Task prompt:
Write out the lines below exactly, beginning at the one with "Dataran Pahlawan - Main" and stopping after the one with "Casa de 6 dormitorios"; the pictures are not copied.

Task input:
::::
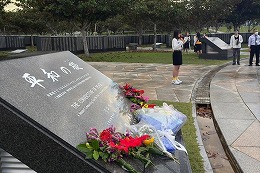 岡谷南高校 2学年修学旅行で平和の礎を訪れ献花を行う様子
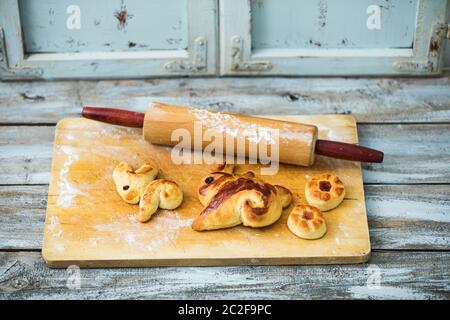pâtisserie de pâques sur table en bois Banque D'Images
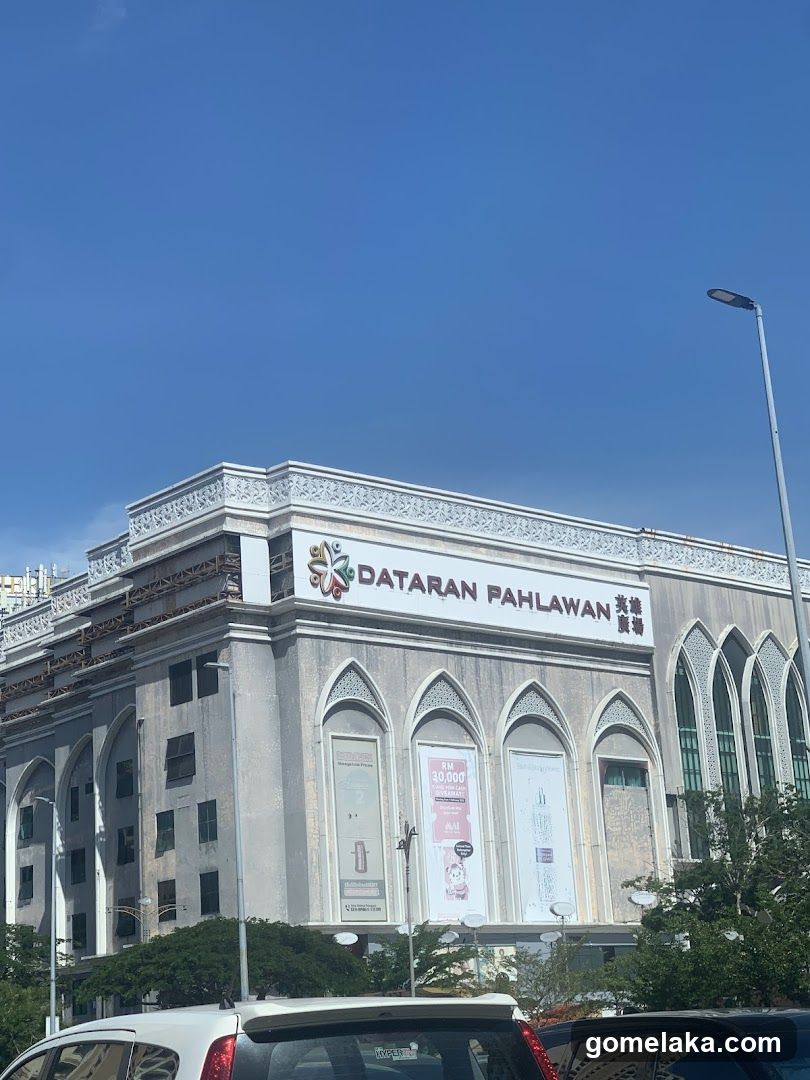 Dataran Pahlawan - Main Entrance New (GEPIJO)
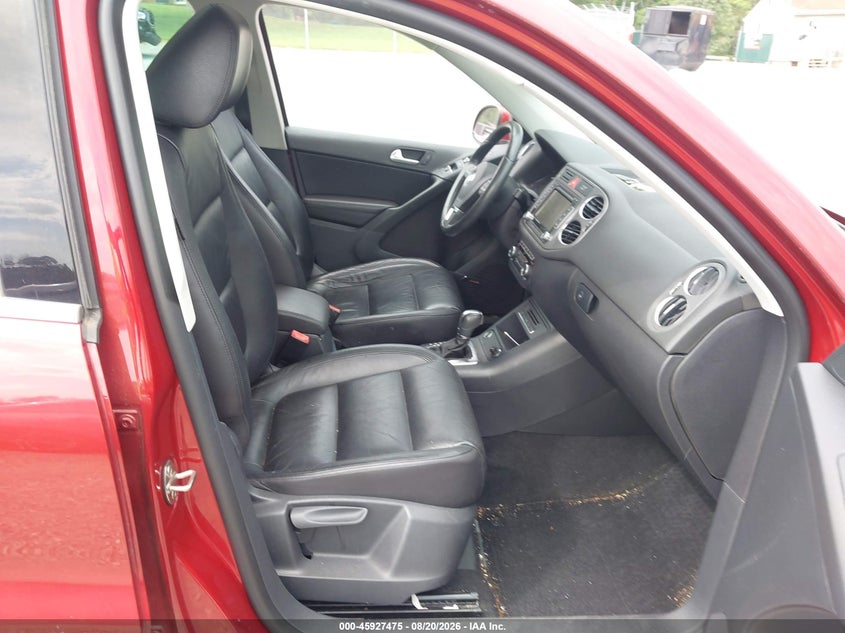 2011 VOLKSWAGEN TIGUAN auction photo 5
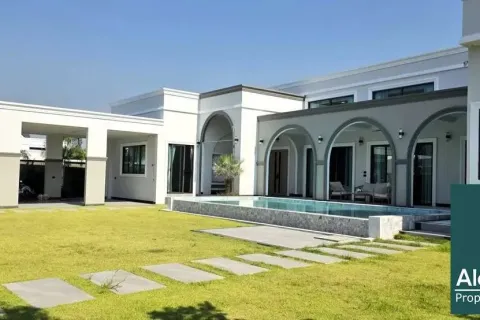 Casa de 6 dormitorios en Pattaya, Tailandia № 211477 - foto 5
::::
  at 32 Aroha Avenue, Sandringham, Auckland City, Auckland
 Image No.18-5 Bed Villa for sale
::::
Response area:
 Dataran Pahlawan - Main Entrance New (GEPIJO)
 2011 VOLKSWAGEN TIGUAN auction photo 5
 Casa de 6 dormitorios en Pattaya, Tailandia № 211477 - foto 5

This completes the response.